PROVIDED MATERIAL START

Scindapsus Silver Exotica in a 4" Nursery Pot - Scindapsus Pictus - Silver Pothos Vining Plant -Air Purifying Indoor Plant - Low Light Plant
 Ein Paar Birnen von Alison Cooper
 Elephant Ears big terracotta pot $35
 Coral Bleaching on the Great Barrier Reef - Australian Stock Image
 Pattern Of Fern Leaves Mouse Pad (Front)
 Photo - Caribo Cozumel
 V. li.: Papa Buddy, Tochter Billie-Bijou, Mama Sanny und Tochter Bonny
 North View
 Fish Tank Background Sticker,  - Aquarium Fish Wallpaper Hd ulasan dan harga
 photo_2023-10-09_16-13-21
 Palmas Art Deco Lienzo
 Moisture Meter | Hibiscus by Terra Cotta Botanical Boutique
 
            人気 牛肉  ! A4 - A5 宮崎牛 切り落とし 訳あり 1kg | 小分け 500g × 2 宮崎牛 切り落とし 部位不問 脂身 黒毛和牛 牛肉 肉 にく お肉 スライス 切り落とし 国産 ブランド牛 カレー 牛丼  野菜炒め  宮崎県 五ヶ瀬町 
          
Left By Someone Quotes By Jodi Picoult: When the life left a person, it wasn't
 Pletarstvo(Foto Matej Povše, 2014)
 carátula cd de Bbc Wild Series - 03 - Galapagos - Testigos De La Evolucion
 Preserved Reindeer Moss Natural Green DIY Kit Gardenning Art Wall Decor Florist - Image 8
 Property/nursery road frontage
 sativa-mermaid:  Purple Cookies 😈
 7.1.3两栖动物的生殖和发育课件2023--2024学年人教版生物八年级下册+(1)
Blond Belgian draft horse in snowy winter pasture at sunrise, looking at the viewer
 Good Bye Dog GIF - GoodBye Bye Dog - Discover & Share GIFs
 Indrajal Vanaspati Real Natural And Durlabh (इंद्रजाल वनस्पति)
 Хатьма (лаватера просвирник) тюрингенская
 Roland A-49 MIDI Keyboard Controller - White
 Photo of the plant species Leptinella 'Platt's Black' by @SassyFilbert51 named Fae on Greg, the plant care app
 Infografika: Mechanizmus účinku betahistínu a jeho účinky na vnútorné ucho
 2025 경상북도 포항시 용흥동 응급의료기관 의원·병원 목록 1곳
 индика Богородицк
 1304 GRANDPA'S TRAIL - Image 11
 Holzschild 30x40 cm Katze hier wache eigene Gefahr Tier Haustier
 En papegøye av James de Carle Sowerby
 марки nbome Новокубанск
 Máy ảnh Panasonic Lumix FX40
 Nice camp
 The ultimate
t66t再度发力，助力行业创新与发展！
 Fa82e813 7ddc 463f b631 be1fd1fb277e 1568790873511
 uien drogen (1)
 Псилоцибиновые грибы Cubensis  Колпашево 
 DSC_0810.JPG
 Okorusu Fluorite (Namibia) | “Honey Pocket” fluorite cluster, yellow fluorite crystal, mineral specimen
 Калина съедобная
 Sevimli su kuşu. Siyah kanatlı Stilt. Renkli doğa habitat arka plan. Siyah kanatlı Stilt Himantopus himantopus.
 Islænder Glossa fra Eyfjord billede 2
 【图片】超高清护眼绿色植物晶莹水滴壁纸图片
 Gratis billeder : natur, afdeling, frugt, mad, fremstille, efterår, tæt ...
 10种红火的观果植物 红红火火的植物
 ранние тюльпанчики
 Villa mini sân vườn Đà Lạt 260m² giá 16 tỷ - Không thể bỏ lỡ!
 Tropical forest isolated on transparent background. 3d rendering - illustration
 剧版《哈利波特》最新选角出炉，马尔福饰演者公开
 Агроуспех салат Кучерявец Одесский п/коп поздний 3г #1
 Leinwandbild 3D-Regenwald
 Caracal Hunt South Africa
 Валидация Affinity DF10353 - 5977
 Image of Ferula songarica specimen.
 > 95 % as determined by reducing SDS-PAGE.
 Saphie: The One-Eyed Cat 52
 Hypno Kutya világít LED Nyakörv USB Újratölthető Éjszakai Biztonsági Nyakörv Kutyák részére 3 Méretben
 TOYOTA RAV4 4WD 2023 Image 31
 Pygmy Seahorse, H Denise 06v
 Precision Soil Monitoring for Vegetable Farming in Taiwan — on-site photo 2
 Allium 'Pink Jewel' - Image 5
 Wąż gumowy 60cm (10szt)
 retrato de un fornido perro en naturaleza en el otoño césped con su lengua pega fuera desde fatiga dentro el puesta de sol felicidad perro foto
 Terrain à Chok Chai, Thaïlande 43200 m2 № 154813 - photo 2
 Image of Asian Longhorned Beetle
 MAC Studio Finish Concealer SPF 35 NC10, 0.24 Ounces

PROVIDED MATERIAL END

TASK TO COMPLETE: Extract every record. Keep wording exact.

EXERCISE SOLUTION:
Scindapsus Silver Exotica in a 4" Nursery Pot - Scindapsus Pictus - Silver Pothos Vining Plant -Air Purifying Indoor Plant - Low Light Plant
 Ein Paar Birnen von Alison Cooper
 Elephant Ears big terracotta pot $35
 Coral Bleaching on the Great Barrier Reef - Australian Stock Image
 Pattern Of Fern Leaves Mouse Pad (Front)
 Photo - Caribo Cozumel
 V. li.: Papa Buddy, Tochter Billie-Bijou, Mama Sanny und Tochter Bonny
 North View
 Fish Tank Background Sticker,  - Aquarium Fish Wallpaper Hd ulasan dan harga
 photo_2023-10-09_16-13-21
 Palmas Art Deco Lienzo
 Moisture Meter | Hibiscus by Terra Cotta Botanical Boutique
 
            人気 牛肉  ! A4 - A5 宮崎牛 切り落とし 訳あり 1kg | 小分け 500g × 2 宮崎牛 切り落とし 部位不問 脂身 黒毛和牛 牛肉 肉 にく お肉 スライス 切り落とし 国産 ブランド牛 カレー 牛丼  野菜炒め  宮崎県 五ヶ瀬町 
          
Left By Someone Quotes By Jodi Picoult: When the life left a person, it wasn't
 Pletarstvo(Foto Matej Povše, 2014)
 carátula cd de Bbc Wild Series - 03 - Galapagos - Testigos De La Evolucion
 Preserved Reindeer Moss Natural Green DIY Kit Gardenning Art Wall Decor Florist - Image 8
 Property/nursery road frontage
 sativa-mermaid:  Purple Cookies 😈
 7.1.3两栖动物的生殖和发育课件2023--2024学年人教版生物八年级下册+(1)
Blond Belgian draft horse in snowy winter pasture at sunrise, looking at the viewer
 Good Bye Dog GIF - GoodBye Bye Dog - Discover & Share GIFs
 Indrajal Vanaspati Real Natural And Durlabh (इंद्रजाल वनस्पति)
 Хатьма (лаватера просвирник) тюрингенская
 Roland A-49 MIDI Keyboard Controller - White
 Photo of the plant species Leptinella 'Platt's Black' by @SassyFilbert51 named Fae on Greg, the plant care app
 Infografika: Mechanizmus účinku betahistínu a jeho účinky na vnútorné ucho
 2025 경상북도 포항시 용흥동 응급의료기관 의원·병원 목록 1곳
 индика Богородицк
 1304 GRANDPA'S TRAIL - Image 11
 Holzschild 30x40 cm Katze hier wache eigene Gefahr Tier Haustier
 En papegøye av James de Carle Sowerby
 марки nbome Новокубанск
 Máy ảnh Panasonic Lumix FX40
 Nice camp
 The ultimate
t66t再度发力，助力行业创新与发展！
 Fa82e813 7ddc 463f b631 be1fd1fb277e 1568790873511
 uien drogen (1)
 Псилоцибиновые грибы Cubensis  Колпашево 
 DSC_0810.JPG
 Okorusu Fluorite (Namibia) | “Honey Pocket” fluorite cluster, yellow fluorite crystal, mineral specimen
 Калина съедобная
 Sevimli su kuşu. Siyah kanatlı Stilt. Renkli doğa habitat arka plan. Siyah kanatlı Stilt Himantopus himantopus.
 Islænder Glossa fra Eyfjord billede 2
 【图片】超高清护眼绿色植物晶莹水滴壁纸图片
 Gratis billeder : natur, afdeling, frugt, mad, fremstille, efterår, tæt ...
 10种红火的观果植物 红红火火的植物
 ранние тюльпанчики
 Villa mini sân vườn Đà Lạt 260m² giá 16 tỷ - Không thể bỏ lỡ!
 Tropical forest isolated on transparent background. 3d rendering - illustration
 剧版《哈利波特》最新选角出炉，马尔福饰演者公开
 Агроуспех салат Кучерявец Одесский п/коп поздний 3г #1
 Leinwandbild 3D-Regenwald
 Caracal Hunt South Africa
 Валидация Affinity DF10353 - 5977
 Image of Ferula songarica specimen.
 > 95 % as determined by reducing SDS-PAGE.
 Saphie: The One-Eyed Cat 52
 Hypno Kutya világít LED Nyakörv USB Újratölthető Éjszakai Biztonsági Nyakörv Kutyák részére 3 Méretben
 TOYOTA RAV4 4WD 2023 Image 31
 Pygmy Seahorse, H Denise 06v
 Precision Soil Monitoring for Vegetable Farming in Taiwan — on-site photo 2
 Allium 'Pink Jewel' - Image 5
 Wąż gumowy 60cm (10szt)
 retrato de un fornido perro en naturaleza en el otoño césped con su lengua pega fuera desde fatiga dentro el puesta de sol felicidad perro foto
 Terrain à Chok Chai, Thaïlande 43200 m2 № 154813 - photo 2
 Image of Asian Longhorned Beetle
 MAC Studio Finish Concealer SPF 35 NC10, 0.24 Ounces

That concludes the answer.